With respect to management’s oversight of cybersecurity risk, the proposed rules would require disclosure of:
- Whether certain management positions or committees are responsible for measuring and managing cybersecurity risk;
- Whether the company has a designated chief information officer, or someone in a comparable position;
- The process by which responsible persons or committees are informed about and monitor the prevention, mitigation, detection, and remediation of cybersecurity incidents; and
- Whether and how frequently such persons or committees report to the board or a board committee on cybersecurity risk.
Board Cybersecurity Expertise
The proposed rules would also require a company to identify the level of cybersecurity expertise among its board members, if any. If board members with cybersecurity expertise exist, the company would need to disclose their name(s) and provide a description of the director’s expertise. While the rules do not define “cybersecurity expertise,” they do provide a non-exclusive list of considerations that a company should consider in reaching a determination as to this matter, including whether the director has:
- Prior work in cybersecurity;
- Obtained a certification or degree in cybersecurity; and
- Knowledge, skills or other background in cybersecurity.
Notably, the SEC specified that any director(s) identified as having cybersecurity expertise will not formally be deemed an “expert” nor would they inherit any additional duties, obligations, or liability.

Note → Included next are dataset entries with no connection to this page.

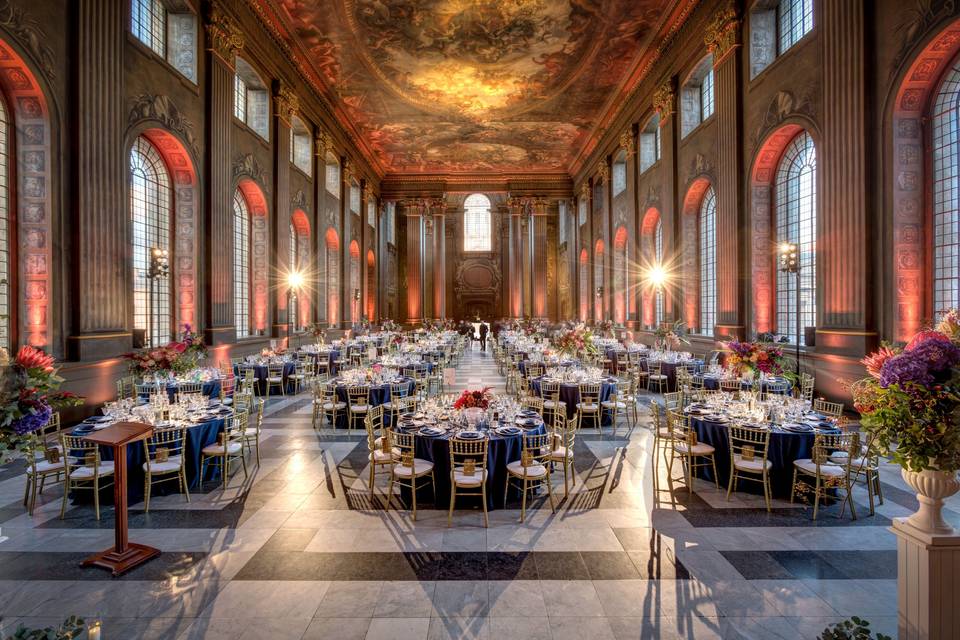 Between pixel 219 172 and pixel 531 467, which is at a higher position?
pixel 219 172

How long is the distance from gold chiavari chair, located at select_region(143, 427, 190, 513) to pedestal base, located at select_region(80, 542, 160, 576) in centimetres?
118

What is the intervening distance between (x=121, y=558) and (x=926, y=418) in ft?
18.8

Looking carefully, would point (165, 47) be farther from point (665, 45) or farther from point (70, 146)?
point (665, 45)

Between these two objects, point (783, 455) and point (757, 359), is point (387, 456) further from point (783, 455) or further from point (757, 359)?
point (757, 359)

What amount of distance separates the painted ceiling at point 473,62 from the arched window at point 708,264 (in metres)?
5.87

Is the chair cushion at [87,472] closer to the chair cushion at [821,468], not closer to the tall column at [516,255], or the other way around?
the chair cushion at [821,468]

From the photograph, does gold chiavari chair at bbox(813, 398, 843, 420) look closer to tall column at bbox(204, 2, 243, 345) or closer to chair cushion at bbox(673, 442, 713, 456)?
chair cushion at bbox(673, 442, 713, 456)

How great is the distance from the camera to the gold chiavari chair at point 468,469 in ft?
16.6

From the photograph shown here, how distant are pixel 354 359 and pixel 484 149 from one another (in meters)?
16.0

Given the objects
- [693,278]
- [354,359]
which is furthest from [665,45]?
[354,359]

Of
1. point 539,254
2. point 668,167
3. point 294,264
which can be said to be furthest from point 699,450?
point 539,254

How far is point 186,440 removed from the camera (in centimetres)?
600

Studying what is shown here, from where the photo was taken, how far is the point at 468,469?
5.26 meters

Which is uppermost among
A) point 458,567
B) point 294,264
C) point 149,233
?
point 294,264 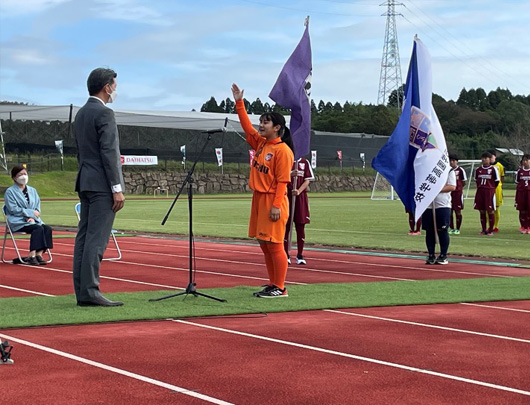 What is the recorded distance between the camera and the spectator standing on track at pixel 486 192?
71.4 ft

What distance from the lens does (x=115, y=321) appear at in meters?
7.96

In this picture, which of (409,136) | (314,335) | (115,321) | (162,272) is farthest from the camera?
(409,136)

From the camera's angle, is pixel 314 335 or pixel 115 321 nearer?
pixel 314 335

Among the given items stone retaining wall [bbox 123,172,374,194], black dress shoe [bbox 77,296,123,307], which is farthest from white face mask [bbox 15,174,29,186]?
stone retaining wall [bbox 123,172,374,194]

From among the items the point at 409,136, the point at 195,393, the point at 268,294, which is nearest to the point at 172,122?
the point at 409,136

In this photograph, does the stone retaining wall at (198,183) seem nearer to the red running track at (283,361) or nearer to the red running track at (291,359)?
the red running track at (291,359)

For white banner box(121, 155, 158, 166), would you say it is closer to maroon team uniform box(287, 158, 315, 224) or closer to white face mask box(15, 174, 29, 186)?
white face mask box(15, 174, 29, 186)

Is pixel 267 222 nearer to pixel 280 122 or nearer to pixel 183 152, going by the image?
pixel 280 122

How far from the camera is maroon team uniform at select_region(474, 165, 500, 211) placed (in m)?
21.8

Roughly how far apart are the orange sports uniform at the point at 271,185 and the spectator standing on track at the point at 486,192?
13242mm

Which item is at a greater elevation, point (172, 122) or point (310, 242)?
point (172, 122)

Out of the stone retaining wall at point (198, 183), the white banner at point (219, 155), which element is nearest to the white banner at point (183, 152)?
the stone retaining wall at point (198, 183)

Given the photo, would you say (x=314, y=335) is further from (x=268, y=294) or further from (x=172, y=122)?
(x=172, y=122)

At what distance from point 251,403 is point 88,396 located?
38.4 inches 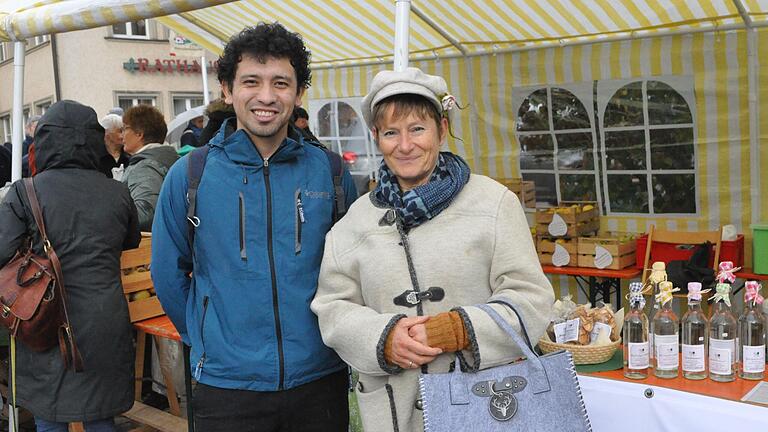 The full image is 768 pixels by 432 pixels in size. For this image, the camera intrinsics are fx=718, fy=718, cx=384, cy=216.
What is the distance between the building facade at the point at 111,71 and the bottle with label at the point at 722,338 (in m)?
14.9

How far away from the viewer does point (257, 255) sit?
2.02 metres

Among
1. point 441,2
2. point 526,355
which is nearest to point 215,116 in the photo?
point 526,355

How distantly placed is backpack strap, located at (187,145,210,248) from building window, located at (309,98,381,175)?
15.8 feet

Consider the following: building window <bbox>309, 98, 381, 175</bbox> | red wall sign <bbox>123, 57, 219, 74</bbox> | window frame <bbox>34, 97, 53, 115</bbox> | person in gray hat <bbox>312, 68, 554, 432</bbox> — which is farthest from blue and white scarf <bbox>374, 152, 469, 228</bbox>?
window frame <bbox>34, 97, 53, 115</bbox>

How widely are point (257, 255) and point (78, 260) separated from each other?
4.62ft

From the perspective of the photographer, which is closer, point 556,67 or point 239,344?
point 239,344

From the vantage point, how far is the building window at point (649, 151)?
17.3ft

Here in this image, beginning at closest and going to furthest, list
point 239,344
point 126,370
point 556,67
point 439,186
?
point 439,186 → point 239,344 → point 126,370 → point 556,67

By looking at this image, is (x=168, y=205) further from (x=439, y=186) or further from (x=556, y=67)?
(x=556, y=67)

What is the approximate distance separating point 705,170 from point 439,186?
398cm

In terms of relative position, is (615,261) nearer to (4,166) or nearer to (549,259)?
(549,259)

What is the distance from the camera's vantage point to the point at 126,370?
317 cm

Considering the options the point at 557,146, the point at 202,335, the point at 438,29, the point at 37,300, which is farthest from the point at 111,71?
the point at 202,335

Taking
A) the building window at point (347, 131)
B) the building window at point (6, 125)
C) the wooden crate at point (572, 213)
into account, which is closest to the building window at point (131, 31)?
the building window at point (6, 125) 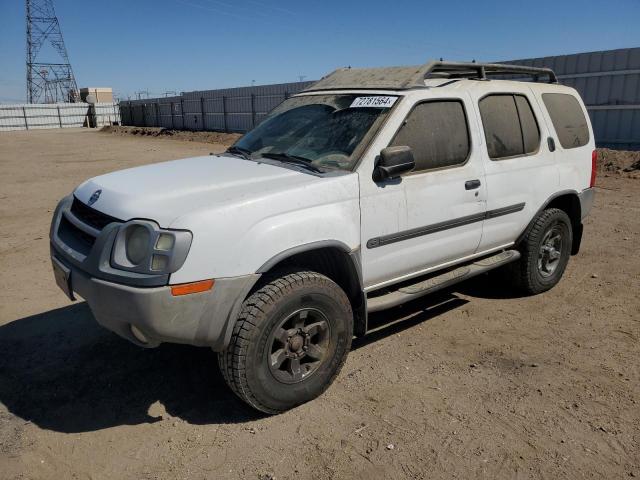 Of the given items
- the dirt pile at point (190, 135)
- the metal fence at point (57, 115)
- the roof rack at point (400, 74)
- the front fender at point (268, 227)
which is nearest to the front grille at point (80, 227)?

As we have written about in the past, while the SEC has long required companies to disclose information regarding cybersecurity incidents, as a practical matter the new proposals constitute a new regime of cybersecurity obligations. For instance:
- The proposed rules would impose an aggressive four-business-day disclosure deadline, which companies may find arduous to meet without prompt escalation and assessment procedures in place. This underscores the importance of creating an incident response policy in advance to ensure that: 1) the employees responsible for cybersecurity have a clear assessment and escalation framework in place; 2) disclosure committees are connected directly to those responsible for detecting and reporting cybersecurity incidents; and 3) counsel is promptly engaged in order to determine materiality and ensure that SEC requirements are met without compromising remediation efforts.

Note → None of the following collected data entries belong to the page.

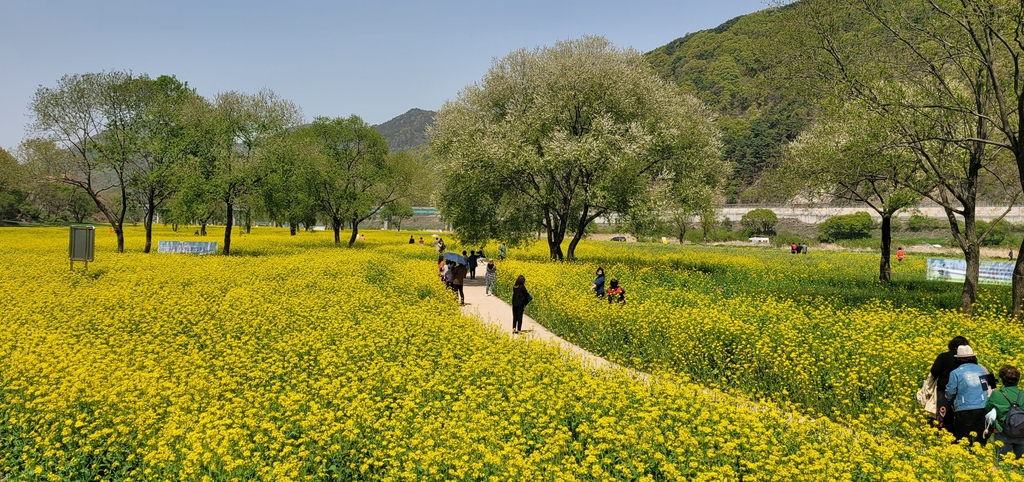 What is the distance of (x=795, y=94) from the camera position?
2148 centimetres

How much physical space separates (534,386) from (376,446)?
8.92 ft

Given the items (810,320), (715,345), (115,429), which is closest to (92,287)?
(115,429)

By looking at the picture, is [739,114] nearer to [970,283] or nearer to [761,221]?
[761,221]

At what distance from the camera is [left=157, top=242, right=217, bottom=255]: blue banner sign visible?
4147 cm

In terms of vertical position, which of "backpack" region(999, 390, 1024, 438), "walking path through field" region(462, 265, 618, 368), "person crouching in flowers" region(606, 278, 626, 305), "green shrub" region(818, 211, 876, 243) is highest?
"green shrub" region(818, 211, 876, 243)

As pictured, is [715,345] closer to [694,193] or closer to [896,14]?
[896,14]

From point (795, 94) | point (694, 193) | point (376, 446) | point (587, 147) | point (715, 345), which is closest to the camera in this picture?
point (376, 446)

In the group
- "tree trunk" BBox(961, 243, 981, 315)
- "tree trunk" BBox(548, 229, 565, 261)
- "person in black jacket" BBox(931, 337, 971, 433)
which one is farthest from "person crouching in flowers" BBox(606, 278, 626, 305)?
"tree trunk" BBox(548, 229, 565, 261)

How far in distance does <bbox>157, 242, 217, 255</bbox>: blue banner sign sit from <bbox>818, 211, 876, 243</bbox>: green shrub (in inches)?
3275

- Following disclosure of a material cybersecurity incident, companies should track incident remediation efforts in order to timely make the required updates in subsequent Form 10-K and 10-Q filings.
- Given the level of specificity of the proposed disclosure requirements, company management and board members should consider reviewing cybersecurity policies in place and contemplating any omissions in their disclosure procedures.

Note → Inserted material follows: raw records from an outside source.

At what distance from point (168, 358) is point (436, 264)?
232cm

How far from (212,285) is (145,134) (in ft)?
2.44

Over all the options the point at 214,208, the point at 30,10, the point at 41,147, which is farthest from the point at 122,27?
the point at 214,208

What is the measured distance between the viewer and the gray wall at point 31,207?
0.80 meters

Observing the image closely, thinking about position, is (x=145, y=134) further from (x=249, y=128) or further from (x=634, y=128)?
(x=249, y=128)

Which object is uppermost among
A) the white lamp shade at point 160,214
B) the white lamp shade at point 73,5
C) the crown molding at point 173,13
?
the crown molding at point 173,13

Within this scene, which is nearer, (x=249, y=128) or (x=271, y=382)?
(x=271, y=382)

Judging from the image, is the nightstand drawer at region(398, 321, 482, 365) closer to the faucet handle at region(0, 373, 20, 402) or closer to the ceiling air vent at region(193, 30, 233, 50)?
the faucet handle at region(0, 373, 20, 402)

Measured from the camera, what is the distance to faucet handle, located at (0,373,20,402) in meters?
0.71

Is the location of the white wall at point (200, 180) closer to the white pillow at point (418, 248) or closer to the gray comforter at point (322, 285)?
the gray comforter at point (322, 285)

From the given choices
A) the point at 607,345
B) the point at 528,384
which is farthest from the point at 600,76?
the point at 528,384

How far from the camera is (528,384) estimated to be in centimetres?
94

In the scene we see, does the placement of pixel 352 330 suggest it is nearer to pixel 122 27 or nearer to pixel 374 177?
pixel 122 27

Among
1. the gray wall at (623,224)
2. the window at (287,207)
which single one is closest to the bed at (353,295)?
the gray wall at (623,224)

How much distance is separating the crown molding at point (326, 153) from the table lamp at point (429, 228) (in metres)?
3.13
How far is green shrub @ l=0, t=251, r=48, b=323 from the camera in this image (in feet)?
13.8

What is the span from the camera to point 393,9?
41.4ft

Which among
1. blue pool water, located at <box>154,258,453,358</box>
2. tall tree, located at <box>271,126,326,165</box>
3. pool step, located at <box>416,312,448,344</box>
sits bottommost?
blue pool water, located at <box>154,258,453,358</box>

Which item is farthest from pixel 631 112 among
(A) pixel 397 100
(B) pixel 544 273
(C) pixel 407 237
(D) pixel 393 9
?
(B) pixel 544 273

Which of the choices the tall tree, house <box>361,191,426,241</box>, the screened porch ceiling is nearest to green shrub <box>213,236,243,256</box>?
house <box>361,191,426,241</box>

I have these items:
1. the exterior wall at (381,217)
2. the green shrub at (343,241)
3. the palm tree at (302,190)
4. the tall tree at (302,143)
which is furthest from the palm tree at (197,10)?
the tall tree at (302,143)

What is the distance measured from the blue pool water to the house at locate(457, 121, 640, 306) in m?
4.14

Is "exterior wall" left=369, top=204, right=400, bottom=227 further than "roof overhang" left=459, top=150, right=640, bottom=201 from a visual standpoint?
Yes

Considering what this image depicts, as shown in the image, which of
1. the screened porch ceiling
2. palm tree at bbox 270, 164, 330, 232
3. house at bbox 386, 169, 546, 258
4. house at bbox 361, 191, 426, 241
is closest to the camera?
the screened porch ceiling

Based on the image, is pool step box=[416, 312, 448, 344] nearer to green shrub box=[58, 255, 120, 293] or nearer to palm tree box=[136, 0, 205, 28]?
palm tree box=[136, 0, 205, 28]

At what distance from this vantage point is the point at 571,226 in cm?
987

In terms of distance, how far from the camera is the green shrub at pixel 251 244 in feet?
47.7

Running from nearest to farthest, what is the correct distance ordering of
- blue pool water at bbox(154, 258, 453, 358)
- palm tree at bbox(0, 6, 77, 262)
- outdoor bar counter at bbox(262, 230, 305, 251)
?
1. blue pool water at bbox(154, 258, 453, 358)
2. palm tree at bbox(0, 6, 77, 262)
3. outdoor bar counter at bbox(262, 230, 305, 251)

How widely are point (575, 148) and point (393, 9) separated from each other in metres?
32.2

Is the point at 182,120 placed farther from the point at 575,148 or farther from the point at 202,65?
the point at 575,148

- Companies should also ensure that cybersecurity risk is calculated within the board’s or board committee’s broader risk management framework, and that clear risk management procedures are in place. The proposed rules identify a list of considerations that must be disclosed concerning companies’ cybersecurity strategies, which likely indicates the SEC’s expectations regarding what a robust cybersecurity program looks like.
- Companies should contemplate increasing cybersecurity expertise at the board level, including whether committee oversight would be appropriate. While the proposal does not obligate changes to governance, companies should consider how “gaps” in disclosures could be perceived by investors.
 Cybersecurity Risk Management, Strategy, Governance, and Incident Disclosure, SEC Docket (CCH) 719375, at 106–07.